A blast from the past.
Topic: Miscellaneous 9:19 am EST, Dec 29, 2013

Justice William O. Douglas, dissenting - 1972:

The present controversy is not a remote, imaginary conflict. Respondents were targets of the Army's surveillance.... the surveillance was not casual, but massive and comprehensive...

Surveillance of civilians is none of the Army's constitutional business...

This case involves a cancer in our body politic. It is a measure of the disease which afflicts us. Army surveillance, like Army regimentation, is at war with the principles of the First Amendment. Those who already walk submissively will say there is no cause for alarm. But submissiveness is not our heritage. The First Amendment was designed to allow rebellion to remain as our heritage. The Constitution was designed to keep government off the backs of the people. The Bill of Rights was added to keep the precincts of belief and expression, of the press, of political and social activities free from surveillance. The Bill of Rights was designed to keep agents of government and official eavesdroppers away from assemblies of people. The aim was to allow men to be free and independent and to assert their rights against government. There can be no influence more paralyzing of that objective than Army surveillance.

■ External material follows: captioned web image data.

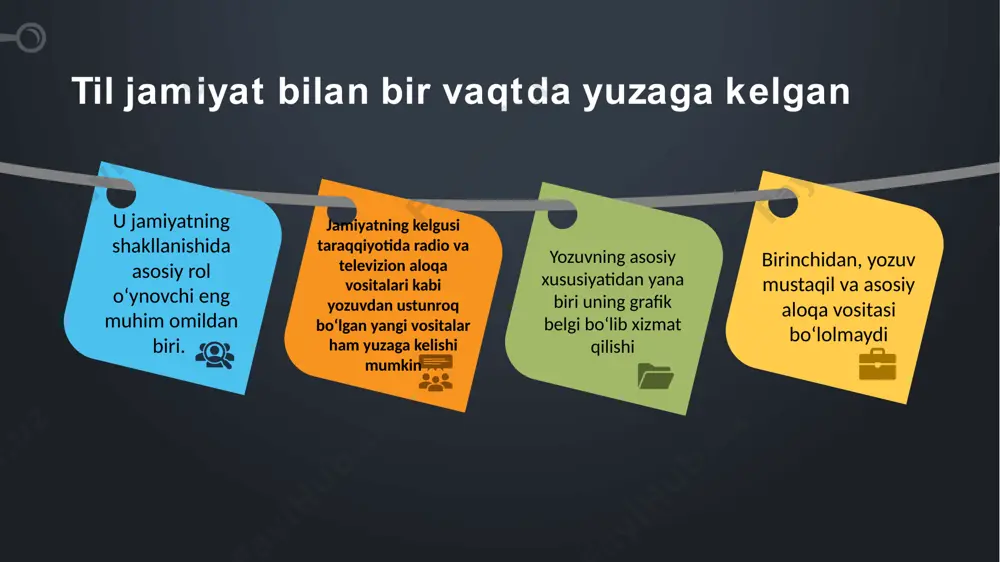 h bilan ayrim voqeani, fikr-istaklarni oʻzlaridan uzoqda turuvchilarga nutqsiz yetkazganlar. soʻngra buyumlarga aniq maʼno berila boshlagan. buyumga maʼno birkitib qoʻyishning bu usuli buyumli yozuv deb atalgan. oʻtmishda, hozirgi zamon yozuvlari boʻlmagan davrlarda, odamlar baʼzi hodisalar va voqealarni uzoq masofaga yetkazish niyatini yoki zamonda (vaqtda) abadiylashtirish maqsadlarini jonli va jonsiz narsalarning rasmini chizish orqali amalga oshirganlar. bunday yozuv piktografik yozuv deb nom olgan. by: .com © presentationgo.com piktografik yozuvda har bir rasm bir tushunchani ifodalaydi. masalan, besh qayiq, baliqchi qush, otliq kishi, toshbaqa, quyosh rasmi berilgan. uning mazmuni quyidagicha: qabila boshligʻi otda yoʻl boshlamoqda. qayiqda 50 kishi va qabila boshligʻining baliqchi ismli safdoshi bor. koʻlda uch kun suzib, quruqlikka chiqqanlar. piktografik yozuv asta-sekin takomillashib, ideografik (idea – tushuncha, grafo - yozaman) yozuv paydo boʻldi. uni logografik (logos – soʻz) yozuv deb ham yuritadilar. bunda tildagi har bir soʻz oʻz simvoliga ega boʻladi. masalan, qadimgi arablar «yuz ming» sonini itbaliqning shakli orqali …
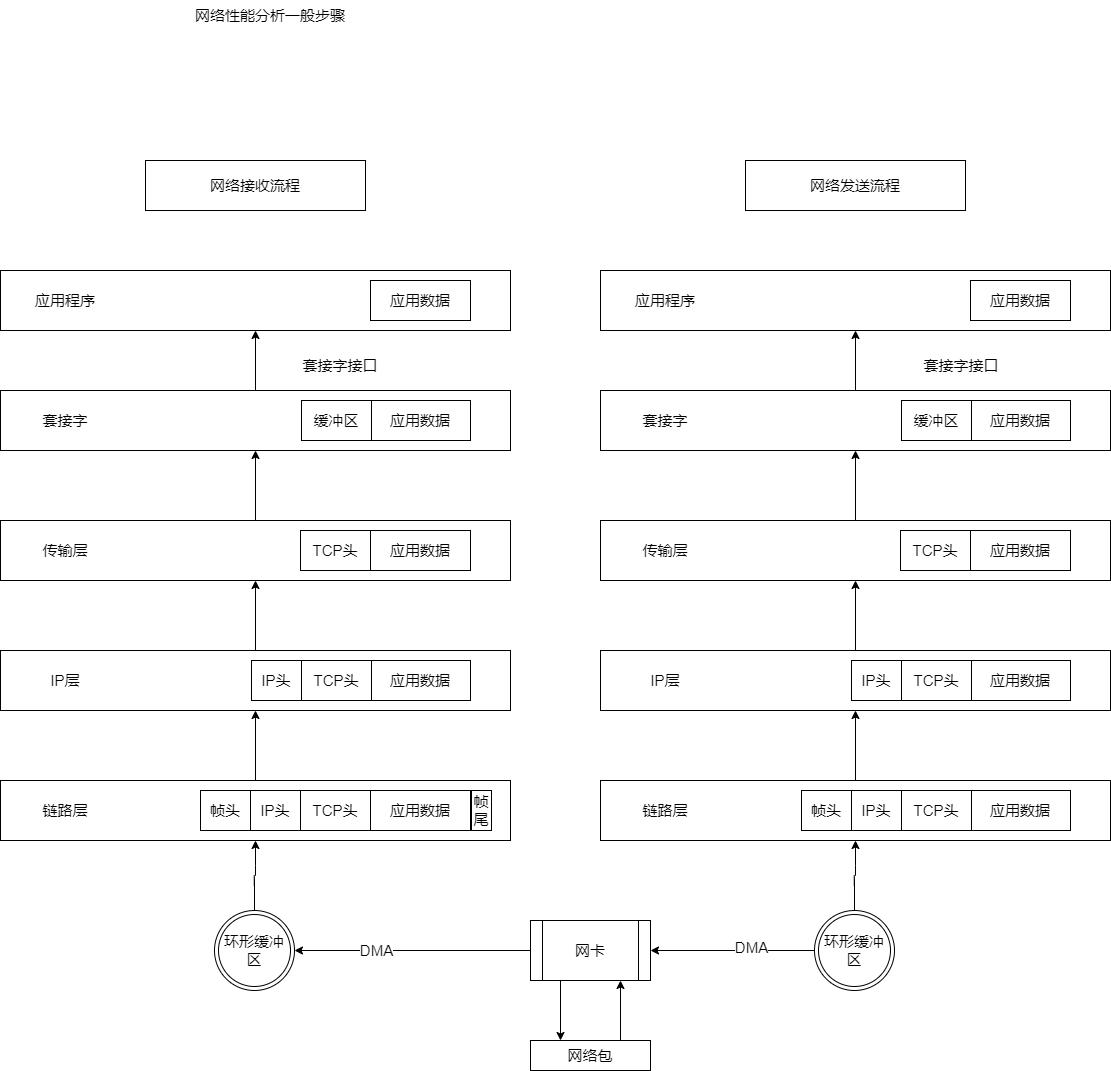 Linux 性能优化基础插图(7)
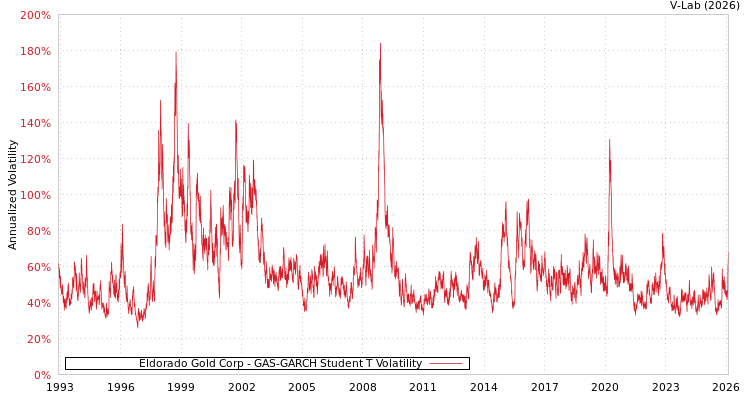 graph of Eldorado Gold Corp GAS-GARCH-T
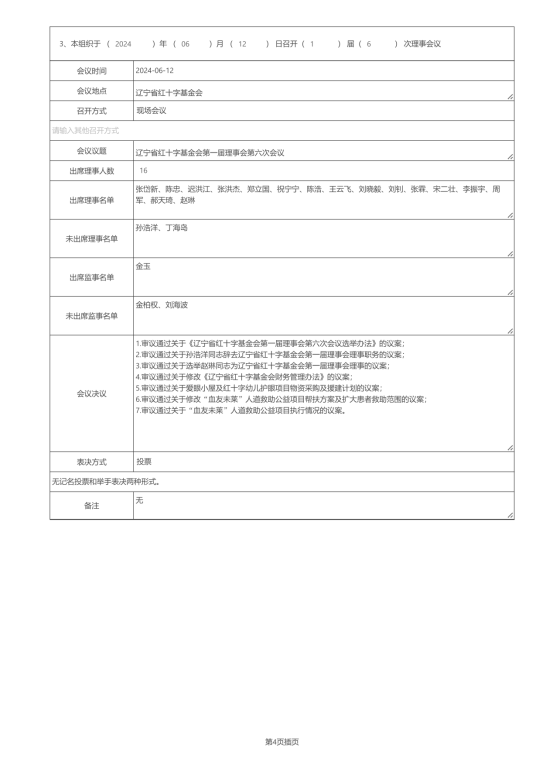辽宁省红十字基金会2024年度报告_06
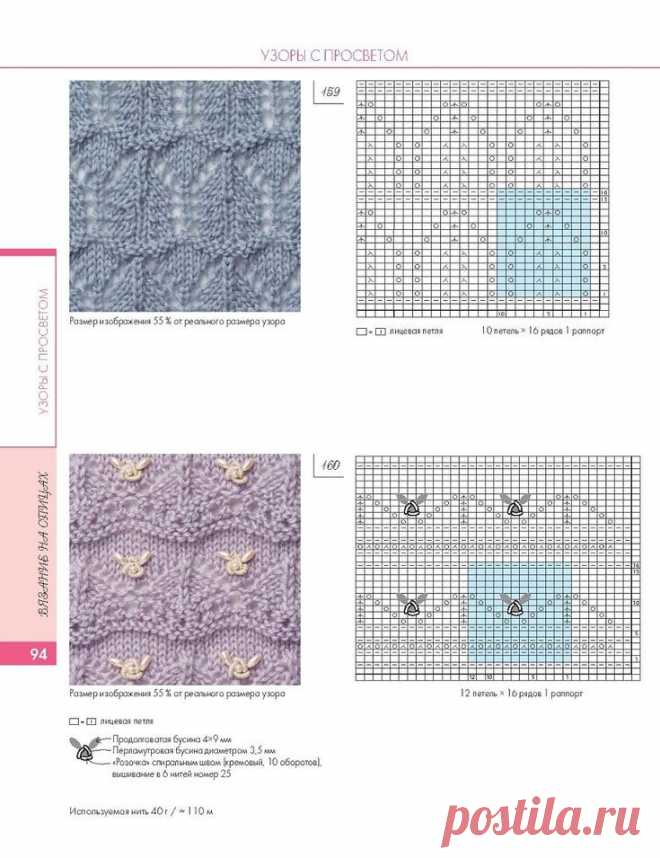 8 милых узоров спицами. Схемы | Сашкины Вязашки | Дзен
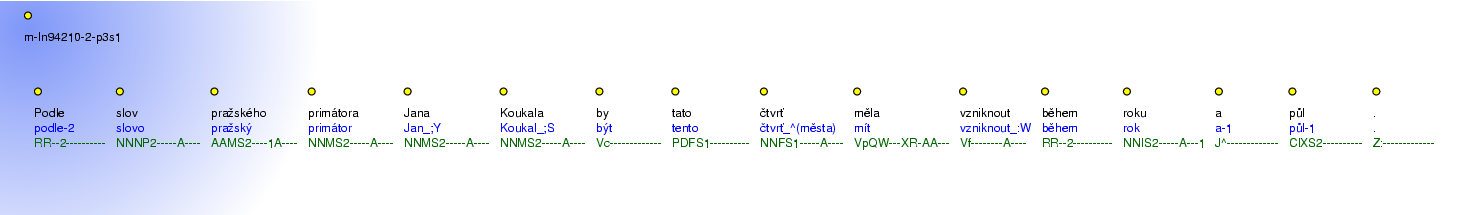 Morphological Notation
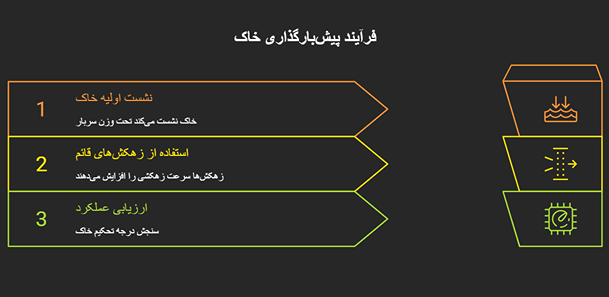 فرآیند پیش بارگذاری خاک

When an intelligence officer looks over every nonconformist's shoulder in the library, or walks invisibly by his side in a picket line, or infiltrates his club, the America once extolled as the voice of liberty heard around the world no longer is cast in the image which Jefferson and Madison designed, but more in the Russian image, depicted in Appendix III to this opinion.

APPENDIX III TO OPINION OF DOUGLAS, J., DISSENTING

Alexander I. Solzhenitsyn, the noted Soviet author, made the following statement March 30, 1972, concerning surveillance of him and his family (reported in the Washington Post, Apr. 3, 1972):

"A kind of forbidden, contaminated zone has been created around my family, and to this day, there are people in Ryazan [where Solzhenitsyn used to live] who were dismissed from their jobs for having visited my house a few years ago. A corresponding member of the Academy of Sciences, T. Timofeyev, who is director of a Moscow institute, became so scared when he found out that a mathematician working under him was my wife that he dismissed her with unseemly haste, although this was just after she had given birth and contrary to all laws. . . ."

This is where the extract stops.